'Something I'll never forget': Myers reflects on Padres tenure

Longest-tenured Friar will likely test free-agent market, though ‘window's open for anything’

October 24th, 2022

SAN DIEGO -- When Wil Myers arrived in San Diego via trade in December 2014, he was viewed as a key piece in a massive franchise transformation.

And, in the end, he was -- even if it took longer than he or the Padres could’ve envisioned.

The 2022 Padres advanced further than any team in Myers' eight seasons with the club. But his tenure in San Diego may have come to an end with Sunday’s National League Championship Series Game 5 loss in Philadelphia.

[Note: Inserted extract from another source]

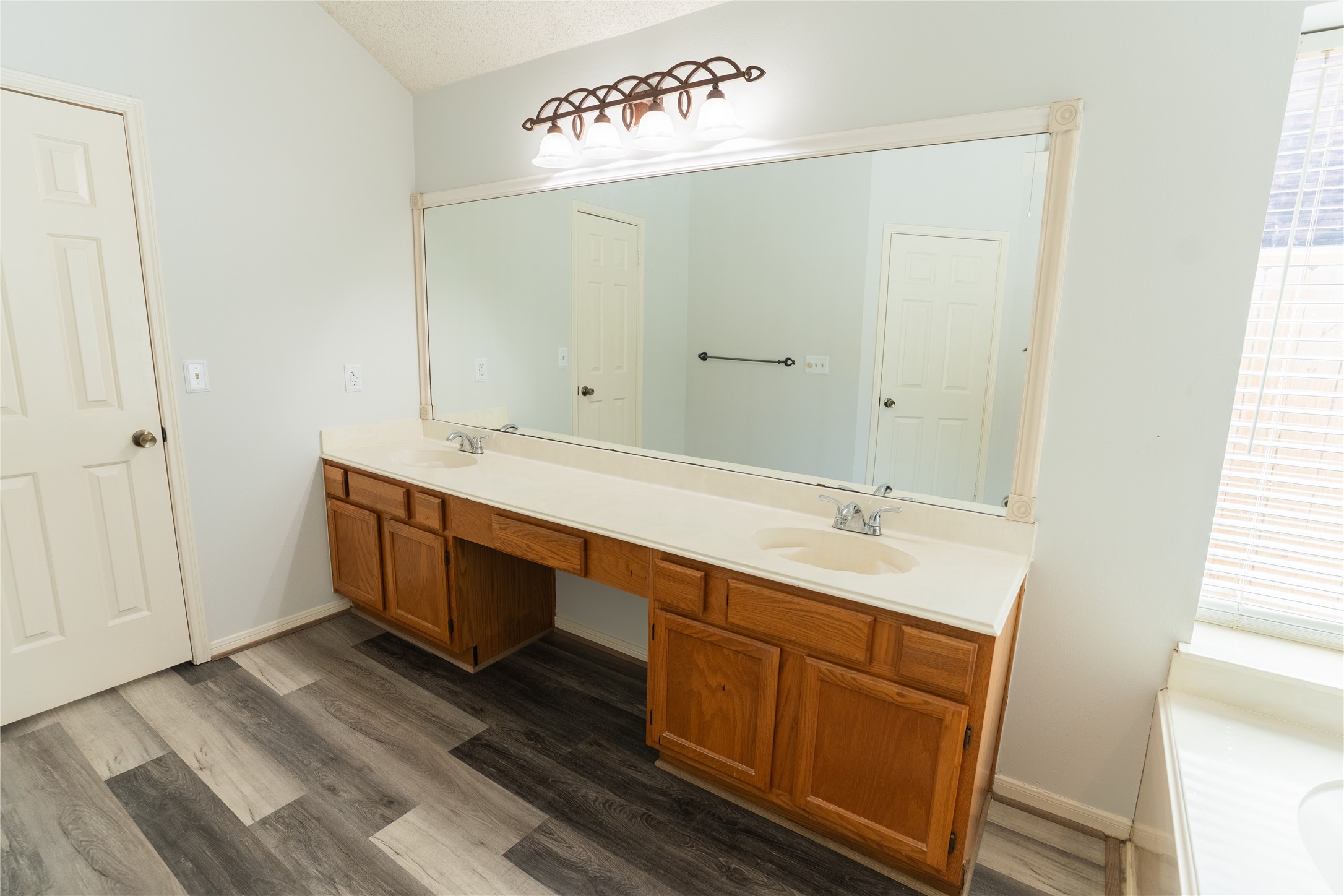 4007 Spring Forest Drive Pearland, TX 77584 - Photo 19 of 39 a bathroom with a double vanity sink and mirror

The Padres once signed Myers to what was then the richest contract in franchise history, a six-year extension in 2017 that featured a $20 million team option for 2023. It's a near certainty the club will decline that option shortly after the World Series.

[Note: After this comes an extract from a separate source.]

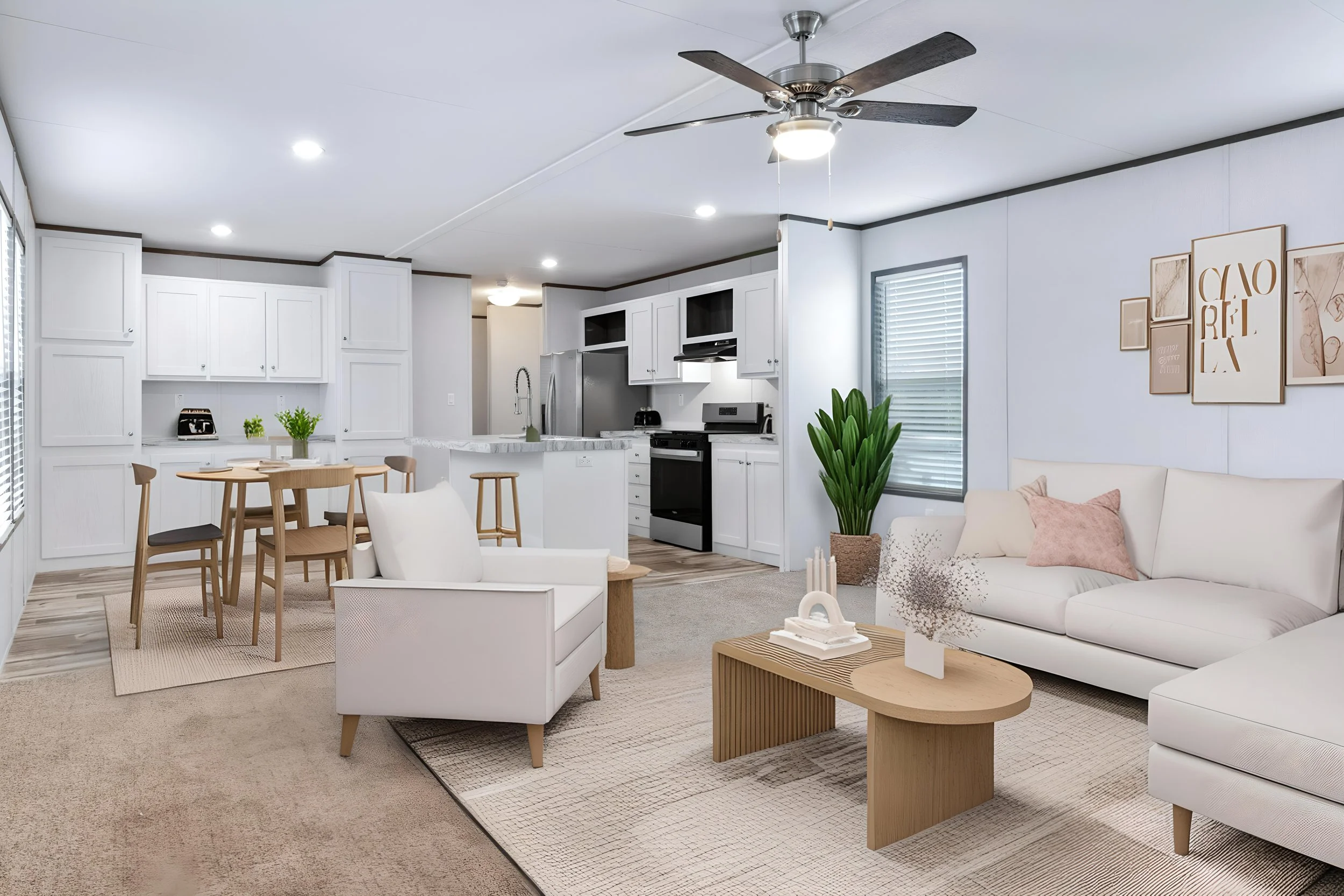 Modern open-concept living room and kitchen with white cabinetry, stainless steel appliances, a ceiling fan, a dining table with chairs, white sofa with cushions, artwork on the wall, and indoor plants.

"I don't know if I can put it into words, but it's something that not everybody in baseball gets to experience," Myers said. "To go through eight years with a team -- see a team be somewhat irrelevant and turn into a team that gets national attention, making the playoffs, it was really cool to see that evolution and to see everything happening in San Diego, to see the city transform.

"It was a lot of fun for those eight years and something I'll never forget."

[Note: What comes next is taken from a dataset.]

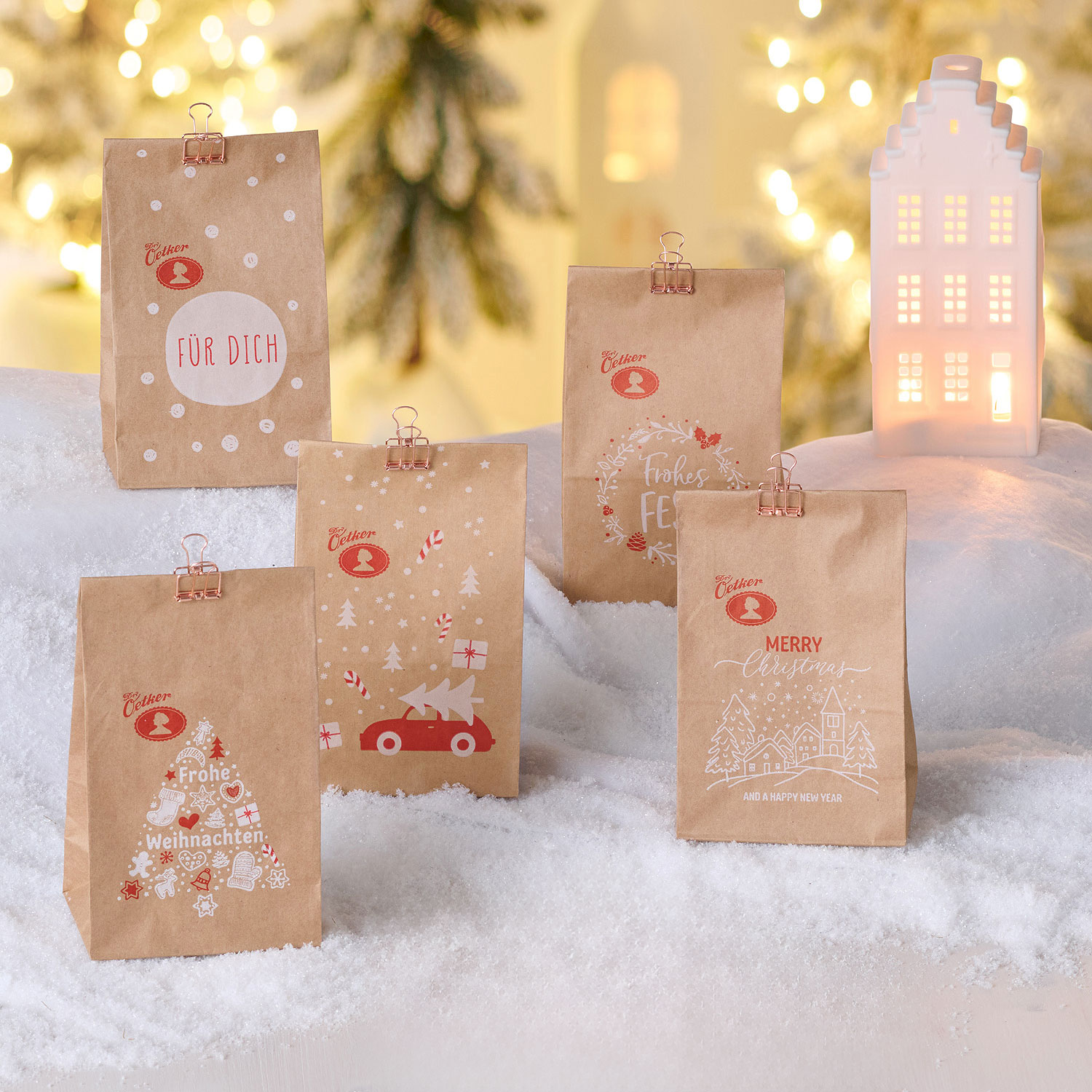 Kekstüten von Dr. Oetker mit weihnachtlichen Motiven als Stimmungsbild vor Hintergrund mit weißen Miniäusern und Tannen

Speaking after Game 5 of the NLCS, Myers left open the possibility of a return to San Diego. Hey, the Padres have a vacancy at first base, after all.

"Sure," Myers said. "The window's open for anything."

But Myers also noted that he was ready to test the free-agent market for the first time in his career. The Padres will have no shortage of options at first base, including the possibility that they bring back Josh Bell or Brandon Drury, both of whom authored some meaningful October moments.

The likelihood of a Myers return probably rests a bit higher than 1-in-30, given the familiarity of the two sides. But it's still somewhat unlikely. Myers is beloved by fans and has been a steady presence in the clubhouse, but he still underperformed for much of his contract. As such, Myers will hit free agency, and he says he's merely looking to do what's best for him and his wife.

"I don't have a ton of expectations," Myers said. "I've never really experienced free agency. I'm looking forward to that, another side of the game. We'll see what happens. I really don't know. Maybe I come back to San Diego. Maybe it's somewhere else. Who knows?"

Myers spent much of the 2022 season battling injuries and played only 77 games, hitting .261/.315/.398. Once the team traded Eric Hosmer, Myers found a niche as a platoon first baseman, while also serving as a utility outfielder and a pinch-hit bat.

It's possible the Padres will look to bring him back in that type of bench capacity. But if so, they'd be looking to do so at an affordable rate. It's entirely possible Myers looks elsewhere for greater financial assurances.

If so, it'll end Myers' eight-year run in San Diego that featured its share of ups and downs. He was a hometown All-Star in 2016. He was part of playoff teams in 2020 and '22. He also had several seasons curtailed by injuries and lost his starting role multiple times due to underperformance. If Myers’ Padres tenure is indeed over, he’ll finish having hit .254/.330/.451 with 134 homers -- including 64 at Petco Park, one shy of Adrián González’s ballpark record.

"I have nothing but great things to say about San Diego -- the organization, the fans," Myers said. "It's been a lot of fun here. I've really enjoyed my time. There could've been some things where I played better at times. But all in all, nothing but great things to say about San Diego."

In his final regular-season home game, Myers was pulled in the eighth inning, and he left to a standing ovation. Decidedly unsentimental, Myers refused to envision that afternoon that it might be his final home game as a Padre. He predicted that his team would be back.

Sure enough, they were -- and they beat Los Angeles in a dramatic NL Division Series. After years of hurt at the hands of the rival Dodgers, no one appreciated that victory more than Myers. He partied in the clubhouse -- then he and his wife took to a nearby bar to buy drinks for Padres fans who were also reveling in the victory.

Myers stuck around long enough to see the Padres slay "that dragon up the freeway." His ultimate goal of bringing a World Series to San Diego? That never materialized. Called upon to pinch-hit in the ninth inning of NLCS Game 5, Myers struck out looking on a borderline pitch -- perhaps his final at-bat as a Padre. The team would strand the tying and go-ahead runs in scoring position.

"It's a tough way to lose it," Myers said afterward. "But I'm proud of everybody here."

When he finished speaking with reporters, Myers said a few goodbyes, packed his locker and left the Padres’ clubhouse after a baseball game for perhaps the final time.